Collected data
>>>>
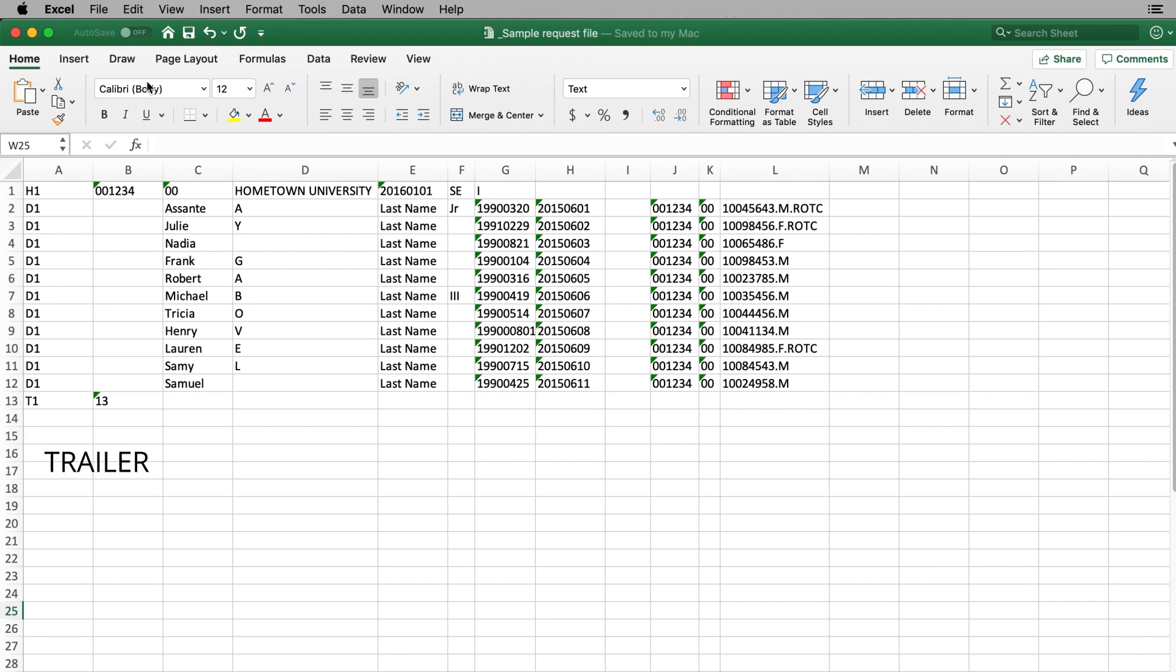The trailer row is the final required portion of your file submission. This includes T1, which indicates the end of your request file and confirms the total number of rows included.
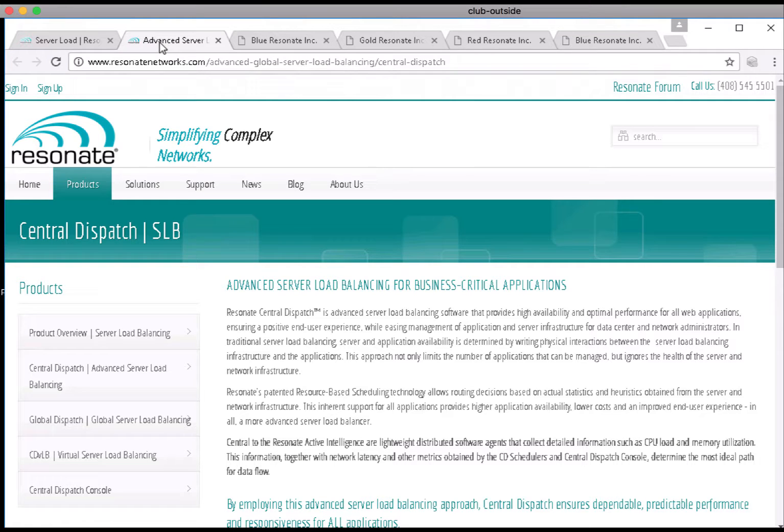Hi and welcome. In this video I will attempt to demonstrate the capabilities of the Resonate Central Dispatch product.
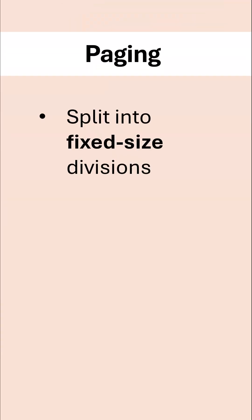So paging first of all. Paging splits this RAM into fixed size divisions, basically lots of individual pieces which are exactly the same size, and these are called, shockingly, pages.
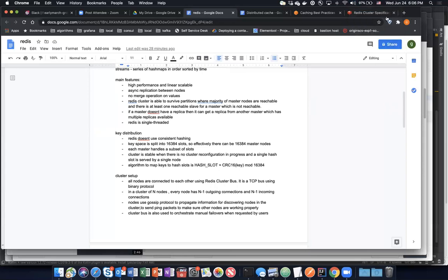Every node can talk to every other node, but since it uses gossip protocol, to reduce communication overhead, one node will talk to a couple of nodes and they will talk to other couple of nodes, and that is how they propagate information about their neighbors to everybody.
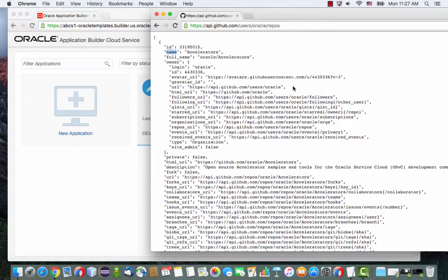In this tutorial, I'm going to show you how to create an Oracle Application Builder Cloud Service application that invokes an external REST service.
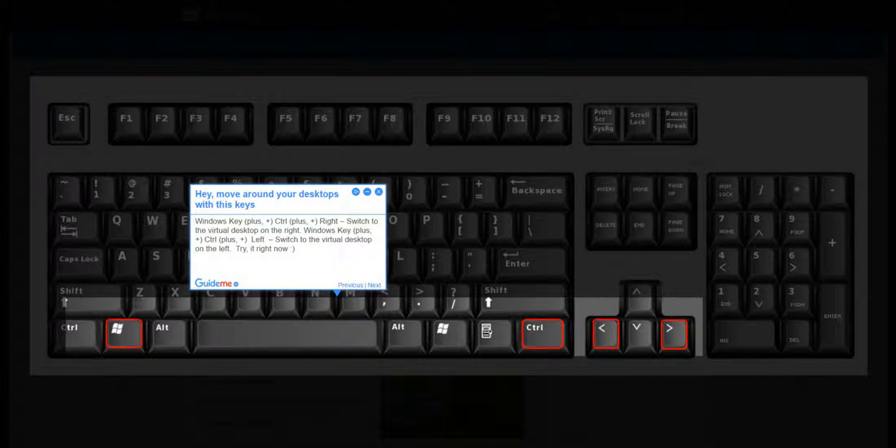Step 4: Move around your desktops with these keys. Windows Key + Control + Right to the virtual desktop on the right. Windows Key + Control + Left to the virtual desktop on the left. Try it right now.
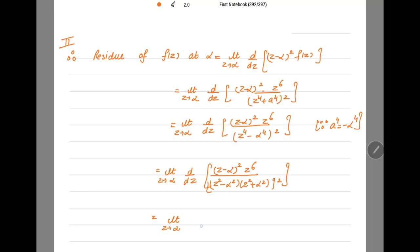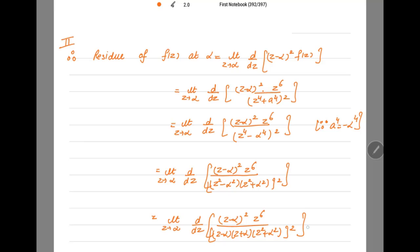Further factoring z^2 − α^2 = (z−α)(z+α), the (z−α)^2 in the numerator cancels with the squared (z−α) factor in the denominator. We are left with lim(z→α) d/dz of z^6 / [(z+α)(z^2+α^2)]^2.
<<<<
* YOUR OBJECTIVE *
Exclude the pictures. Write out the remaining data exactly.

* EXERCISE OUTPUT *
The trailer row is the final required portion of your file submission. This includes T1, which indicates the end of your request file and confirms the total number of rows included.
Hi and welcome. In this video I will attempt to demonstrate the capabilities of the Resonate Central Dispatch product.
So paging first of all. Paging splits this RAM into fixed size divisions, basically lots of individual pieces which are exactly the same size, and these are called, shockingly, pages.
Every node can talk to every other node, but since it uses gossip protocol, to reduce communication overhead, one node will talk to a couple of nodes and they will talk to other couple of nodes, and that is how they propagate information about their neighbors to everybody.
In this tutorial, I'm going to show you how to create an Oracle Application Builder Cloud Service application that invokes an external REST service.
Step 4: Move around your desktops with these keys. Windows Key + Control + Right to the virtual desktop on the right. Windows Key + Control + Left to the virtual desktop on the left. Try it right now.
Further factoring z^2 − α^2 = (z−α)(z+α), the (z−α)^2 in the numerator cancels with the squared (z−α) factor in the denominator. We are left with lim(z→α) d/dz of z^6 / [(z+α)(z^2+α^2)]^2.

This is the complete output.